I've also had a chance to come to grips with the details of other IM protocols. Comparatively speaking, XMPP is an elegant and clean protocol. XMPP is built around the exchange of XML "streams," a fact that imposes XML's sense of structure onto endpoints in XMPP communication. Debugging is a lot easier than I've experienced with other protocols, as XML is a fairly self-describing syntax (self-describing to developers, not end-users, a point I've made to people at past companies who thought it a good idea to tell customers to manually edit XML configuration file, rather than ship an existing graphical editor for the file). The beauty of XMPP makes the protocols used by proprietary IM networks seem downright ugly by comparison, but I think XMPP is a cleaner approach to IM communication than even SIP (though SIP does have a number of advantages, is still quite clean, and is certainly dominant in VOIP).

Bottom line, though, I would have a hard time understanding why anyone, at this late a stage, would opt to build their own IM protocol when standardized variants such as XMPP and SIP exist.

I'm clearly someone who is a fan of companies making money. Companies that fail to make money have a hard time pushing technology forward, and any product strategy needs to enable the company to monetize their products effectively. This might motivate some companies to opt to create a proprietary in-house protocol as a clone of existing standard offerings, as that is a sure-fire means by which to ensure that everyone has to use your products.

Though this is a typical analysis, I think it is very short term thinking. Yes, creating your own protocol builds a certain dependency (not a bad thing, as like I said, making money is good), but it is very hard to build a protocol that is of as high a quality as a standardized variant. Standardized protocols are slow to develop and appear relatively late in the lifespan of a typical technology area. That's a necessary aspect of the standarization process, as you need to have sufficient undertanding of a problem domain in order to create a sensible standard, and once you have that information, digesting it into something elegant takes time.
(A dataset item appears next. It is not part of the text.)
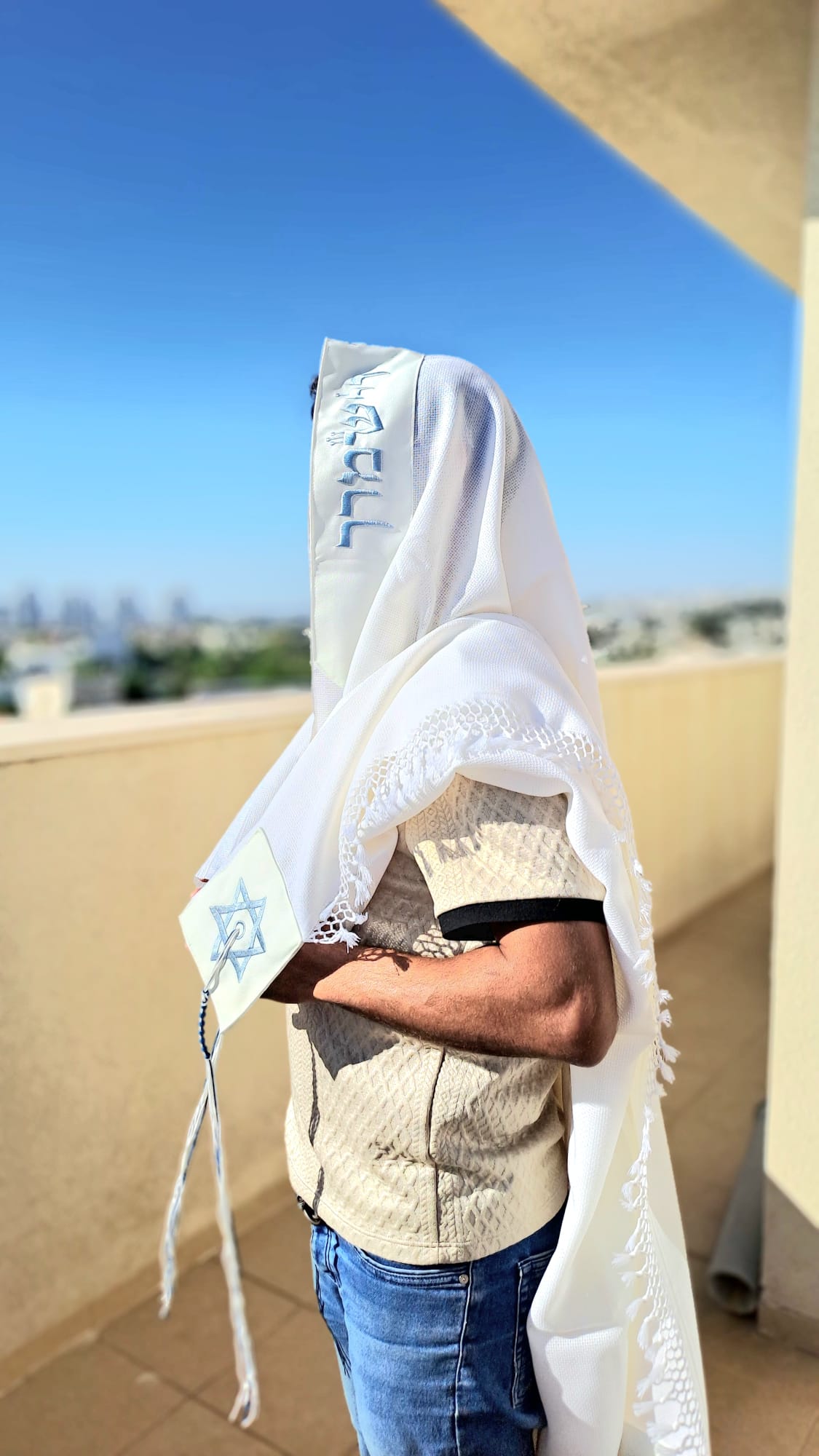 טלית לבר מצווה בעיצוב לבן נקי עם נגיעות תכלת ושזירה עבודת יד אוריה עיצוב טליתות 2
Once a standard protocol exist, however (an important point, as early entrants lack such niceties), I think its crazy for new entrants not to use it. Using an in-house protocol that is less technically proficient limits your scope of maneuverability further down the track. I've seen it repeatedly at past jobs, and it's a frequent recipe for the long-term failure of a project.

If a suitable standard exist, smart companies use it. There are many other areas of innovation to which companies can apply themselves that represent a better use of scarce resources than re-inventing the product of years of engineering analysis aimed at creating a technology perfectly suited to a problem domain.